[Data entries]
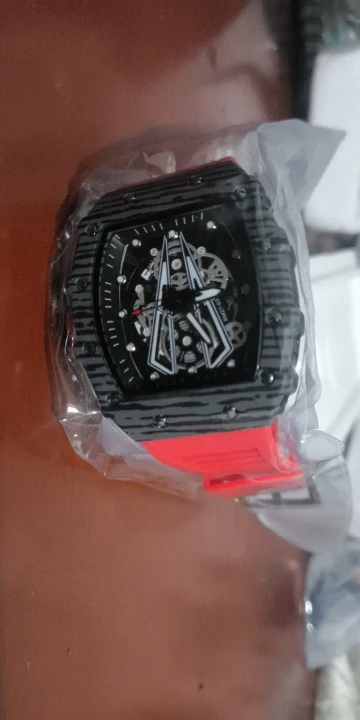 BINBOND Men's Barrel Watch - Curved Mirror, Silicone Quartz photo review
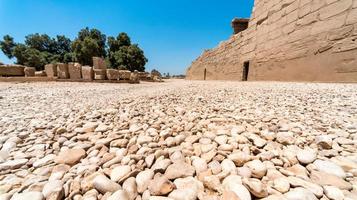 antiquité dans le temple de karnak sans personnes à luxur photo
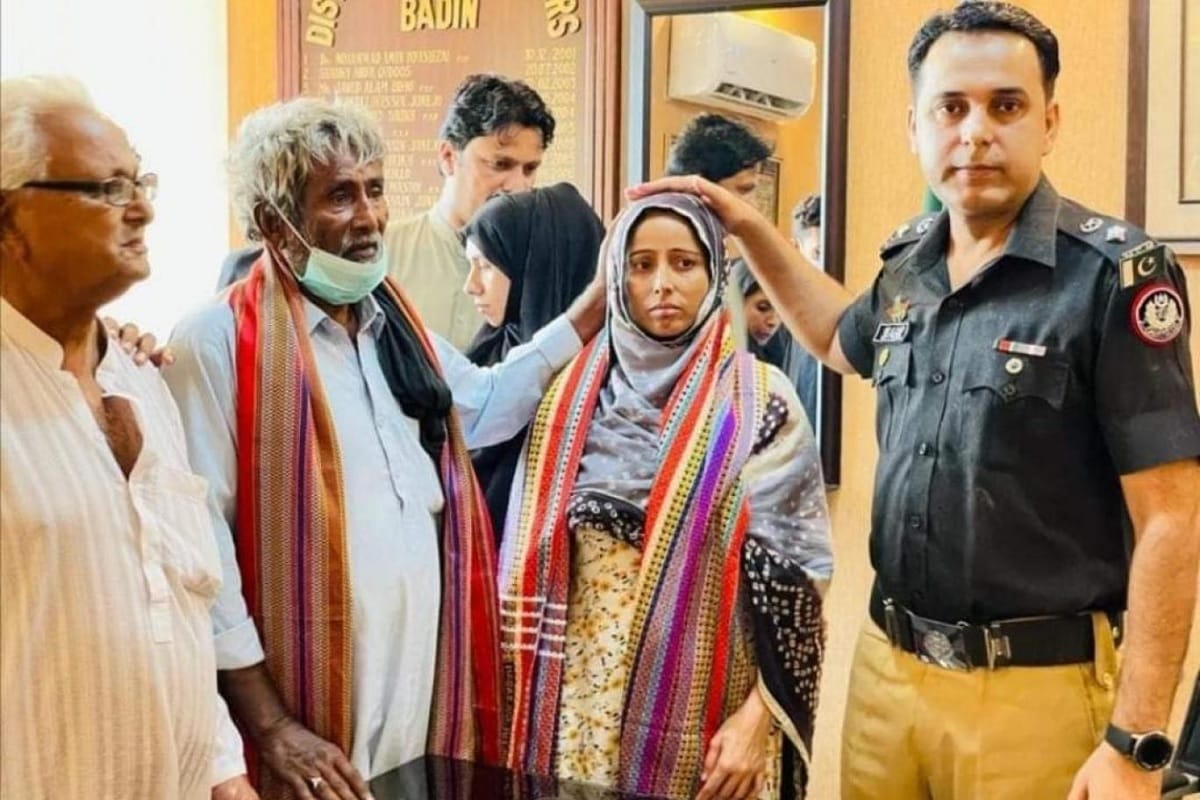 Pakistan Hindu girl Reena Meghwar rakhi brother kidnapped her and forcibly marries news in Hindi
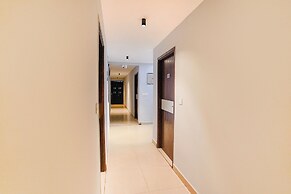 Fabhotel Earth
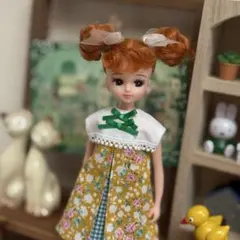 レトロ風ワンピース ① リカちゃん服／ブライスアウトフィットのサムネイル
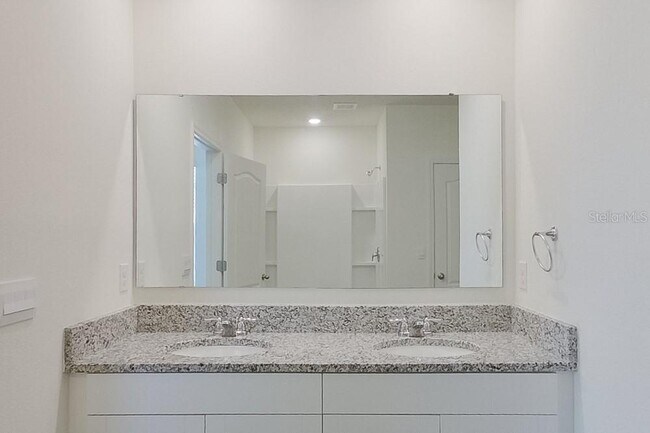 Building Photo - 32165 Katelin Cir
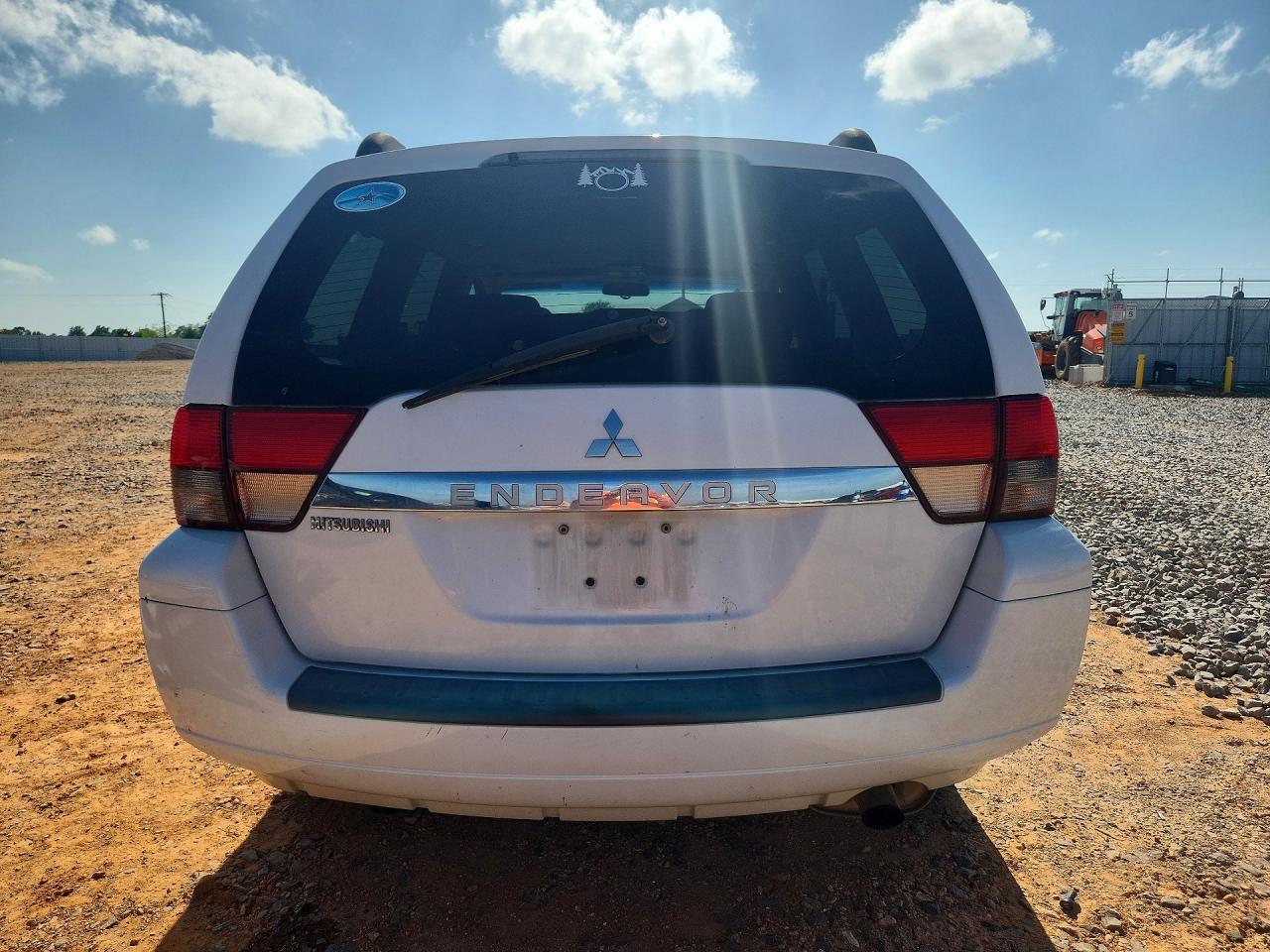 2011 Mitsubishi Endeavor Ls White vin: 4A4JN2ASXBE034530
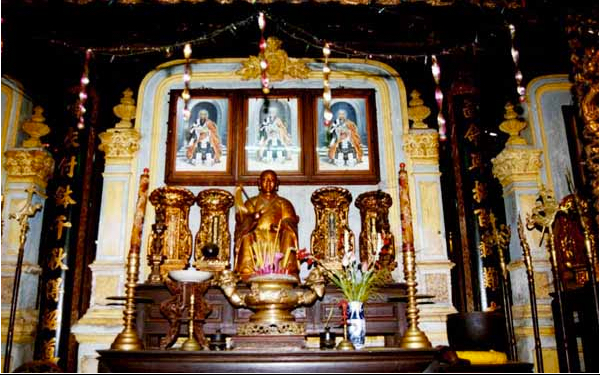 Bàn thờ chư Tổ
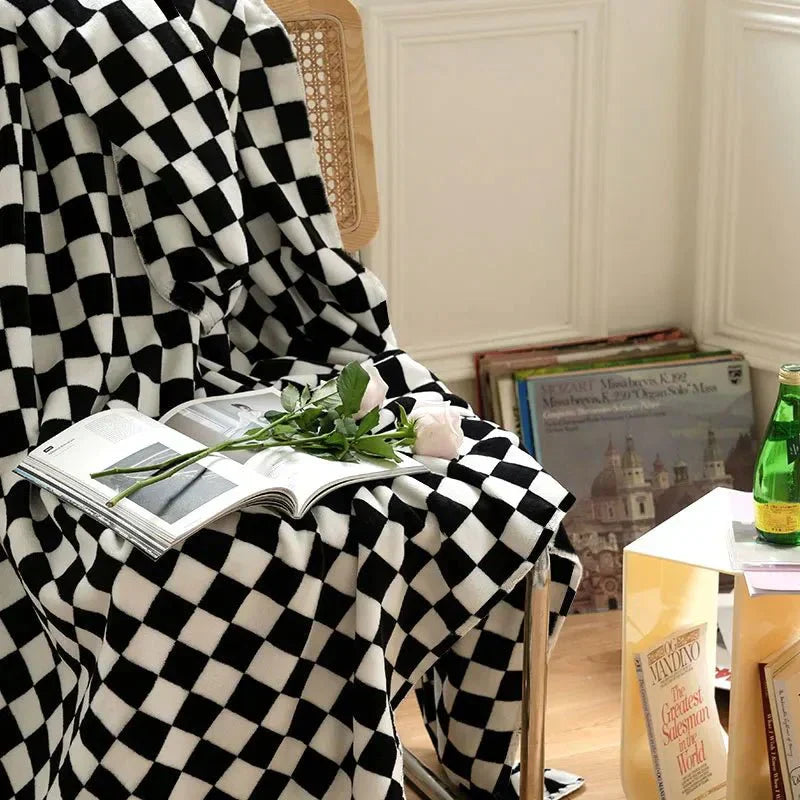 BowLift | Classic Checkered Pattern Sofa Blanket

■ INSTRUCTIONS TO FOLLOW:
Starting at the line that contains "antiquité dans le", retype each line through the end of the data exactly, and leave out every picture.

■ COMPLETED EXERCISE:
 antiquité dans le temple de karnak sans personnes à luxur photo
 Pakistan Hindu girl Reena Meghwar rakhi brother kidnapped her and forcibly marries news in Hindi
 Fabhotel Earth
 レトロ風ワンピース ① リカちゃん服／ブライスアウトフィットのサムネイル
 Building Photo - 32165 Katelin Cir
 2011 Mitsubishi Endeavor Ls White vin: 4A4JN2ASXBE034530
 Bàn thờ chư Tổ
 BowLift | Classic Checkered Pattern Sofa Blanket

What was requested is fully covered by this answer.